PROBLEM TO WORK ON
From the records below, copy out exactly the lines from the one containing "HARTING连接器0914" to the one containing "Prática Manual Relatório", both included. Add nothing else.

[Short text fragments from websites]
# # # # #

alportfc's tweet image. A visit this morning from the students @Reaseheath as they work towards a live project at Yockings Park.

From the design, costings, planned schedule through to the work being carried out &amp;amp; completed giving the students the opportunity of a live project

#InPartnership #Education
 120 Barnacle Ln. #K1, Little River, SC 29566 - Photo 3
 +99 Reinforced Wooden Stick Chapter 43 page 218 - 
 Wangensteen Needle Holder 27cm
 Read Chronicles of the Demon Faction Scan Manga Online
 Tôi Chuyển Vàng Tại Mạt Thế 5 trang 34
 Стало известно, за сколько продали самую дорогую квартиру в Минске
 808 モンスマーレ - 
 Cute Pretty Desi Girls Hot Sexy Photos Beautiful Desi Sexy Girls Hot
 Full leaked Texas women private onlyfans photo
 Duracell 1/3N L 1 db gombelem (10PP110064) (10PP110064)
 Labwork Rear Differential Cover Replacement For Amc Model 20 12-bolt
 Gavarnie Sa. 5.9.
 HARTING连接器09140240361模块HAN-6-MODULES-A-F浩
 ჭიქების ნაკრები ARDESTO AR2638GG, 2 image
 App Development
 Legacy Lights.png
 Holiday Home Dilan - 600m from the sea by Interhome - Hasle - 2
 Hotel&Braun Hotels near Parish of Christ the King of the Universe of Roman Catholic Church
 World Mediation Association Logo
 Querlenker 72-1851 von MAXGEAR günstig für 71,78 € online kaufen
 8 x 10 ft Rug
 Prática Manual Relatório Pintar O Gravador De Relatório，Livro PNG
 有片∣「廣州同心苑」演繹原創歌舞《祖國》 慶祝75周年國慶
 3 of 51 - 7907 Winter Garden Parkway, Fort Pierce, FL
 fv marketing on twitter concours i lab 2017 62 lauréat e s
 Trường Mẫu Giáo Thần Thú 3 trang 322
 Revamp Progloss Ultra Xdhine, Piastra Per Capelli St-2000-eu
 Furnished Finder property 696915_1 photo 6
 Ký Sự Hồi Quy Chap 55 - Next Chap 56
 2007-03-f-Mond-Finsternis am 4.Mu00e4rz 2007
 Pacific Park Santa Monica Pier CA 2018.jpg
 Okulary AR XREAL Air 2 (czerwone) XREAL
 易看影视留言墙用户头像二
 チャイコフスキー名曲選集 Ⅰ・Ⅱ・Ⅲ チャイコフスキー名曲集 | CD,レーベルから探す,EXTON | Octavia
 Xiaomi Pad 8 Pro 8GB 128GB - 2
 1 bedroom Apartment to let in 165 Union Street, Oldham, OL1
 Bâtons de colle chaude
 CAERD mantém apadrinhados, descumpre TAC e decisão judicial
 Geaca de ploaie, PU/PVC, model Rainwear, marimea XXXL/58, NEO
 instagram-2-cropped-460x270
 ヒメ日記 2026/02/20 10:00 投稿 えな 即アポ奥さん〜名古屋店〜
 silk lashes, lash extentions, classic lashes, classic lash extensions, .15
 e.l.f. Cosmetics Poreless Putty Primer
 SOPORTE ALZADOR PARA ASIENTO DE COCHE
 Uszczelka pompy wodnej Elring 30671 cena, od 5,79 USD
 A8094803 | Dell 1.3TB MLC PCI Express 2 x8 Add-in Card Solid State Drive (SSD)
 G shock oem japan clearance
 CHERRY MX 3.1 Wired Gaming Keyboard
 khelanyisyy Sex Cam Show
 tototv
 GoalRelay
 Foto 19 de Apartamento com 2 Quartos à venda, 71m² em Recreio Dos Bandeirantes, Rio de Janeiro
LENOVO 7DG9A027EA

# # # # #

SOLUTION
 HARTING连接器09140240361模块HAN-6-MODULES-A-F浩
 ჭიქების ნაკრები ARDESTO AR2638GG, 2 image
 App Development
 Legacy Lights.png
 Holiday Home Dilan - 600m from the sea by Interhome - Hasle - 2
 Hotel&Braun Hotels near Parish of Christ the King of the Universe of Roman Catholic Church
 World Mediation Association Logo
 Querlenker 72-1851 von MAXGEAR günstig für 71,78 € online kaufen
 8 x 10 ft Rug
 Prática Manual Relatório Pintar O Gravador De Relatório，Livro PNG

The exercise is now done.